Death, drugs and demons are immediately linked in this way, and the story's shock surprise ending is foreshadowed before the plot can even begin. It doesn't look like much of a crowd on that page, or even a very good suggestion of one; Chick's composition seeks only to deliver the awfulness of the situation, even going so far as to provide a handy bridge of white space between his globs of doomy black, although that clunky bottom left word balloon spoils the flow.



Carter's version, in contrast, flushes the symbolism entirely to present a sense of realistic community. This is a real crowd, the visual emphasis placed on their teeming bodies while Bobby ("Gasp!") is pushed into the background. Consequently, the word balloons -- and they're exactly the same in content, as it'll go for most of the story -- compliment the visuals by forming a circular pattern, mimicking the rustling of the people as the eye is drawn around the page, and creating a sensation of the crown surrounding the ambulance, even though Carter only draws people on one side.

What's most impressive to me is that Carter isn't just creating a similar scene to Chick's; he's recreating many of the elements of Chick's composition, even placing several characters in the same postures, while transforming the mood of the page through simple changes. Having a more realistic visual style (one now incorporating photographic backgrounds, if you look closely) doesn't hurt in creating a tactile sense of community, of course. And it was nice to not have the paramedic announcing the kid's fate to the whole neighborhood. Asshole.

Anyway, the plot of the tract kicks off soon after. The (gasp choke) fate of Bobby prompts an onlooking young boy to ponder his own mortality; a nearby religious sort decides this is the perfect time for a little intervention, but unfortunately the kid is hanging out with these guys:





I'm partial to the classic Chick 'hipster' design up top, although Carter's command of body language is formidable as always. I've mentioned it before, but Carter always sort of reminds me of Frank Quitely, a younger artist working in a more overtly stylized manner, but possessed of a similarly puffed-up approach to faces and bodies, with a fundamentally humorous outlook.

Or maybe it's this page's juxtaposition of detailed character art with a nebulous background glow that's doing the trick, like one of those bits in All Star Superman where characters converse in a shimmering void or conveniently pass in front of a blank wall; that's not really a criticism, given that both artists are obviously putting a premium on body language and facial expressions (and, in Quitely's case, a sense of incredible speed against yawning landscapes), but my preference is for the volume-adding scratches that Chick provides.





Body language is generally worth checking. On this page, Chick and Carter again provide essentially the same character positions (although the latter version can't help but change some of the former's stilted text). But look at how Carter's depiction of the religious guy changes the tone; he's reasonable, pleading, reaching out, while the other adult character turns away meanly. In contrast, Chick's guy is basically yelling at the pair, making the hipster seem a little more reasonable.

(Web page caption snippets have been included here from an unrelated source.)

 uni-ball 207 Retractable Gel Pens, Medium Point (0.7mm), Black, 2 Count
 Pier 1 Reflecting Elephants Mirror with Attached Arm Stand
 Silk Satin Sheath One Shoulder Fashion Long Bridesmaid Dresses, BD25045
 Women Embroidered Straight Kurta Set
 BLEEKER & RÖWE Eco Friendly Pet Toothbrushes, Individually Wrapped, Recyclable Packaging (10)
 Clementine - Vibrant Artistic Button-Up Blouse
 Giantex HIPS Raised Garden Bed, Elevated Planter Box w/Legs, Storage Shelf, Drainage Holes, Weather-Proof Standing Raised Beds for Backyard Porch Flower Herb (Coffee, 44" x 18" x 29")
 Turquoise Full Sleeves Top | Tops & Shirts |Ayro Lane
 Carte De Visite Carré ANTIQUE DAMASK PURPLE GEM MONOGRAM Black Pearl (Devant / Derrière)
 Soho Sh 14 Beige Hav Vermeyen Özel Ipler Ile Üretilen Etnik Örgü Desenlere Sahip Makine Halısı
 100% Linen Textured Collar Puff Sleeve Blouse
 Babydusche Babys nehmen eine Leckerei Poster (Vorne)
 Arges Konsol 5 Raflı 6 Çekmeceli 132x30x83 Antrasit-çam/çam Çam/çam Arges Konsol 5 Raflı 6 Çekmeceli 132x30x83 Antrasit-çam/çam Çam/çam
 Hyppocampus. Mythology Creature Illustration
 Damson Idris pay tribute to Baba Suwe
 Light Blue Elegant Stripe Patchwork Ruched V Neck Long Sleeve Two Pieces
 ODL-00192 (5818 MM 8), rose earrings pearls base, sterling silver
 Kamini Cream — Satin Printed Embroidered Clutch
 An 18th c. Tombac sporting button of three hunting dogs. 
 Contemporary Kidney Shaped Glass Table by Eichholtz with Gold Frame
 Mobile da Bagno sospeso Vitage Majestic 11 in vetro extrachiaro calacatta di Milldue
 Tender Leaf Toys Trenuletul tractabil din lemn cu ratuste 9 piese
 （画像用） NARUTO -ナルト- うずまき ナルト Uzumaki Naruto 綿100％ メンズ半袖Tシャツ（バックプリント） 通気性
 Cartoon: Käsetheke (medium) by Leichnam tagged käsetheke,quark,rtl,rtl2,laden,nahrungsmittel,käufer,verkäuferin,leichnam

Fascinatingly, the religious guy in Chick's version appears to be a self-portrait. Which raises the question: is the same character in the new version supposed to be the even-more-reclusive Carter? It's tempting to speculate as to the dueling psychologies at work; does Carter sees himself as a fundamentally reasonable man in his witnessing? Is Chick a man of force, inside? Does he think himself pushy? Does he need to be?

That's maybe a wrong turn, though. The philosophy of the Chick tract suggests a different possibility.





Ah, the trials of the faithful! But Chick isn't one for self-pity; his works, inspired by Chinese propaganda comics, you'll recall, are containers for psychological warfare, and everything in them is typically poised for maximum effect. This story is an efficient one. Notice that Chick/Carter(?) is dropping his tracts as he's shoved; the man being rejected is the guy who handed you this comic you're reading now. Maybe he seems a little nuts; the characters say as much.

Meanwhile, the other adult appears to be perfectly sane. He notes that many modern theologians (like Jesuits, UGH) accept that the Bible is a patchwork accumulation of sometimes contradictory perspectives. He castigates the Chick perspective as extremism and fearmongering, a product of midievil thinking and anathema to a society of reason. Hell, the guy isn't even an agnostic or anything - he openly advocates a respectful generalization of Christian values ("Just follow the ten commandments and believe in the golden rule and you'll be O.K.!"), and impliedly advocates only surgical intolerance toward those who spread messages of fear and inflexibility.

But, he's wrong. He's always wrong. Worse, he's no less than a literal agent of Satan (er, spoilers). And the assholes are not only right, they're the ones who won't roast in perdition for all of eternity. It's just like the famous tract with the foul gunman who accepts Christ, and is saved, and the unfailingly good-working (if sneery) sheriff who does absolutely nothing wrong beyond not accepting Jesus, and goes right to fucking Hell, where he belongs, for unspeakable suffering unto eternity!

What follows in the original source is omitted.